I shop the yarn sales, the discount bins, coming back with multi-colored strands of merino, smokey gray cashmere from Italy that exactly matches the color of my cat's fur, or a soft striping of gray, blue and green with aloe and jojobo oils in the strands, leaving your hands conditioned and soft as you knit, or your feet when you have completed the project.
I find hole-in-the-wall yarn stores born out of abandoned railway depots or in a strip of anonymous storefronts in Highland. I leave cradling bamboo kneedles, intricately carved buttons for the purse I plan to make over the winter.
Sleep becomes a thing of the past as I plan to work "just one more line" or turn the heel before curling into a wilted Laura puddle and sleeping away the cramps in my fingertips.
If the endless trips to yarn stores like Stich by Stitch in Highland, the Cass Street Depot in Fort Wayne, and, most importantly (because it is closest to me) the Shuttle Shop in Warsaw were not enough, I have discovered the glory of the knitting world ONLINE! There are a massive amount of websites dedicated to helping lonely knitters like me socialize, and before I knew it, I had found a soul mate in the person of another blogger: Stephanie Pearl-McPhee, the Yarn Harlot, who knits and writes, just like me. Bless you, Stephanie! And will you teach me to spin?
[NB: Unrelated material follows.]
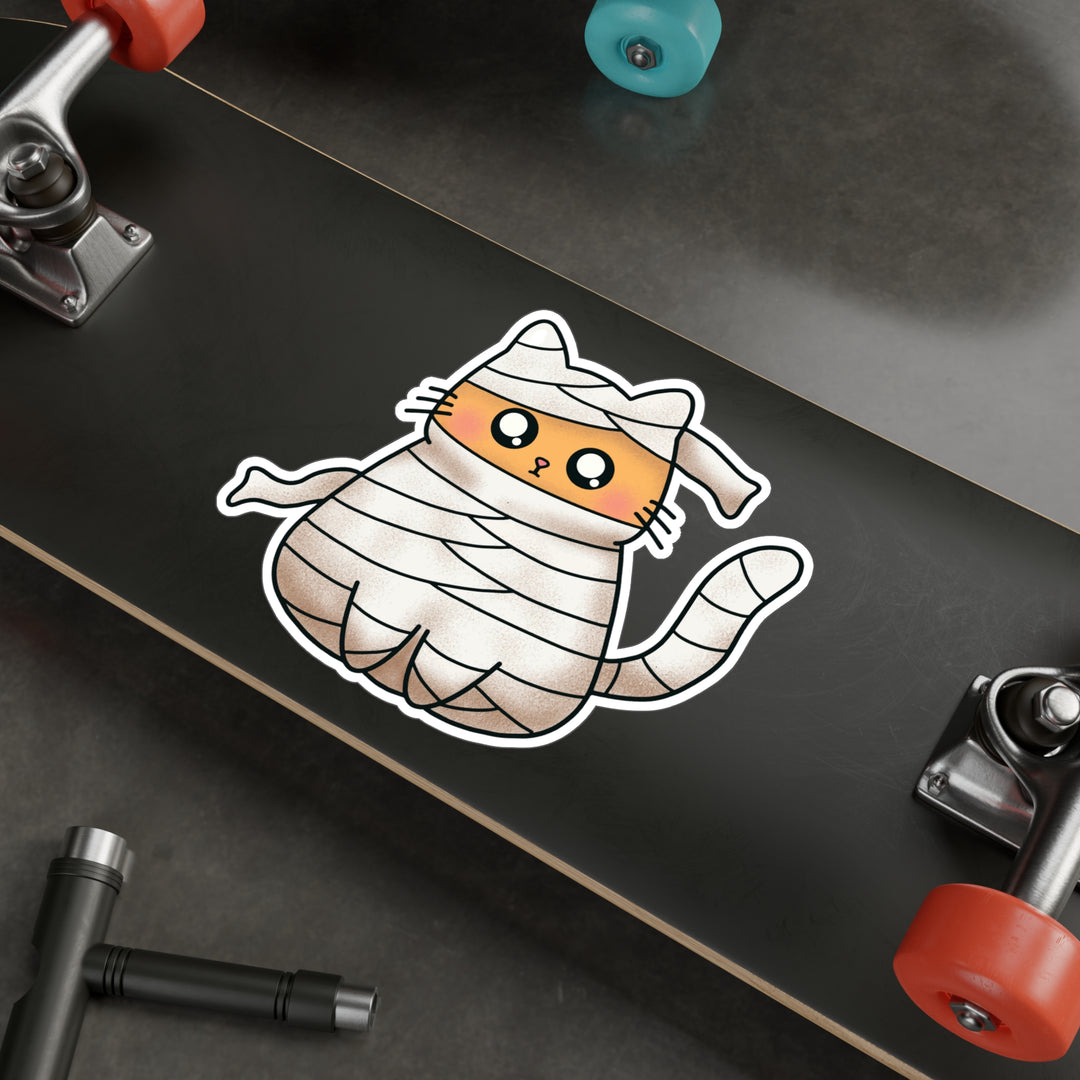 Mummy Cat Sticker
I want a sheep now. A merino sheep. I will care for it, pet it, love it, and shear it, spinning and dying the fleece as I create my own individually crafted sock yarns. Don't tell me how absurd this is. I want one. I already have a sheep dog!
I have reached the point where I have created a photo album of the socks I have made, so thrilled by them that I plan on making them available for the world to see. I may be walking holes in them, but I can honestly know that their woolen souls will live on in blogging infamy for all time. Or at least until blogsource decides that this Idiot Girl is never coming back and wipes me from the internet as a whole. We'll see.